Length of productive life (LPL) plays both an economic and animal welfare role in many pork production systems throughout the world (Serenius, Reference Serenius2004; Stalder et al., Reference Stalder, Knauer, Baas, Rothschild and Mabry2004). Thus, knowledge concerning factors that impact upon LPL is needed in order to improve LPL by changing management, mating systems, and/or breeding practices.
Previous literature has reported that sows with good leg conformation tend to remain in the herd longer when compared with sows having poor leg conformation (Yazdi et al., Reference Yazdi, Lundeheim, Rydhmer, Ringmar-Cederberg and Johansson2000a; Serenius and Stalder, Reference Serenius and Stalder2004). Similarly, litter size and age at first farrowing have been shown to be favourably associated with LPL (Tholen et al., Reference Tholen, Bunter, Hermesch and Graser1996b; Yazdi et al., Reference Yazdi, Rydhmer, Ringmar-Cederberg, Lundeheim and Johansson2000b; Serenius and Stalder, Reference Serenius and Stalder2004). In other words, the larger the litter size and lower age at first farrowing, the greater LPL has been in previously reported studies. On the contrary, litter size appeared not to be associated with LPL when culling for poor reproductive performance was not permitted in the Maternal Line National Genetic Evaluation Program study by the US National Pork Producers Council (NPPC) (Serenius et al., Reference Serenius, Stalder, Baas, Mabry, Goodwin, Johnson, Robison, Tokach and Miller2006b).
No clear consensus exists in the scientific literature regarding the association between LPL and other economically important production traits (daily gain, feed conversion ratio) and carcass composition (lean meat content and backfat thickness) traits. For example, Lopez-Serrano et al. (Reference López-Serrano, Reinsch, Looft and Kalm2000) found both average daily gain and backfat thickness were unfavourably genetically correlated with sow stayability (a measure of length of productive life or lifetime productivity). However, the associations were not as clear in a study reported by Yazdi et al. (Reference Yazdi, Rydhmer, Ringmar-Cederberg, Lundeheim and Johansson2000b). Moreover, our earlier results have shown associations to be population dependent (Serenius and Stalder, Reference Serenius and Stalder2004; Serenius et al., Reference Serenius, Stalder, Baas, Mabry, Goodwin, Johnson, Robison, Tokach and Miller2006b). Previous studies have concentrated on different aspects of LPL and have been based on purebred populations, whereas most of the sows in commercial pork production are crossbred sows. Thus, in order to optimise management practices for crossbred populations, the associations should be estimated from crossbred populations. Additionally, production information from crossbred animals along with information from their purebred ancestors should be utilised to develop more accurate breeding values for longevity and other production traits where the performance of the crossbred animal is included in the breeding objectives.
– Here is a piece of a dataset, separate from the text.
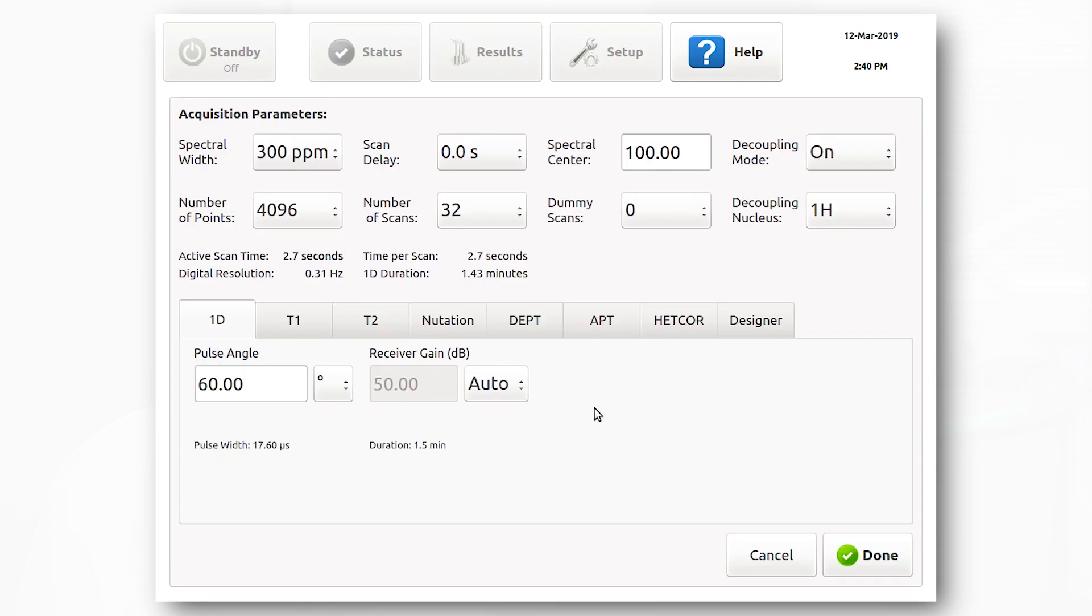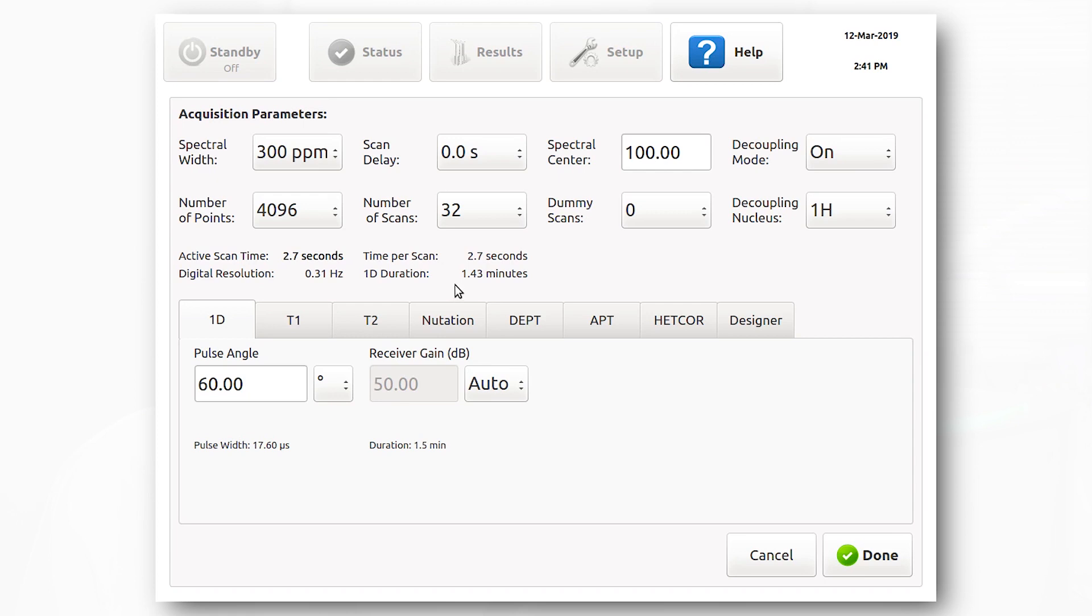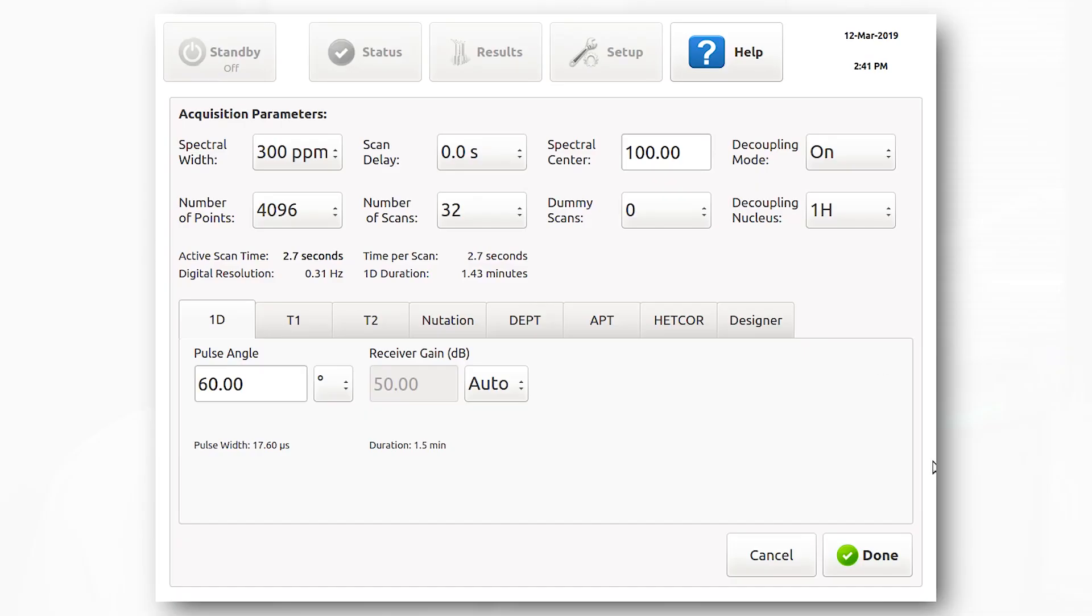Here you can change the spectral width, number of points to change the resolution, scan delay, number of scans, and number of dummy scans. After all this is set up, you can see the acquisition time by looking here.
The parity of the litter in which a female was born appears to impact her future performance. For example, Tummaruk et al. (Reference Tummaruk, Lundeheim, Einarsson and Dalin2001) found that sows originating from gilt litters had significantly longer wean-to-oestrus intervals when compared with sows born in fourth and fifth parity litters. Thus, the question arises whether crossbred sows used to in commercial piglet production systems should be selected from dams in their later parities? Similarly, it is not clear whether litter size in which a female was born impacts a sow's future LPL. The purpose of current study was to determine if the parity of the litter in which a female was born and the number of pigs within that same litter are associated with future LPL. An additional objective of the study was to examine the associations of leg conformation, age at first farrowing, litter size at first farrowing, and age and backfat thickness at 100 kg on LPL in the Finnish crossbred (Landrace × Large White or Large White × Landrace) population. Moreover, the additive genetic sire effect was included in the statistical model, so the relationship among animals was accounted for, and thus, heritability estimate for LPL was also estimated.
Material and methods
Data
Data from the Finnish litter recording and on-farm testing schemes were combined to evaluate the associations between age and backfat thickness at 100 kg live weight, parity of the litter in which a female was born, the number of pigs within that same litter (number weaned), age at first farrowing, litter size at first farrowing (number born alive) and leg conformation (leg soundness score) with sows' LPL (Table 1). LPL was defined as time (days) from first farrowing to culling and/or mortality or censoring (sow was still alive at the time of evaluation). Breeding advisors from FABA Breeding (Finnish Animal Breeding Association) scored all sows for leg soundness using a scale from one to five (1 = worst and 5 = best) as described by Serenius et al. (Reference Serenius, Sevón-Aimonen and Mäntysaari2001). Because of a low number of observations in classes one and five, class one records were combined with class two, and similarly class five records were combined with class four. Thus, a three-category soundness scoring system (1-2, 3, 4-5) was utilised in the current analysis. Backfat thickness was determined as an average of three ultrasound measures taken at approximately the last rib. Age and backfat thickness were adjusted to a constant weight (100 kg) as suggested by National Swine Improvement Federation (1996).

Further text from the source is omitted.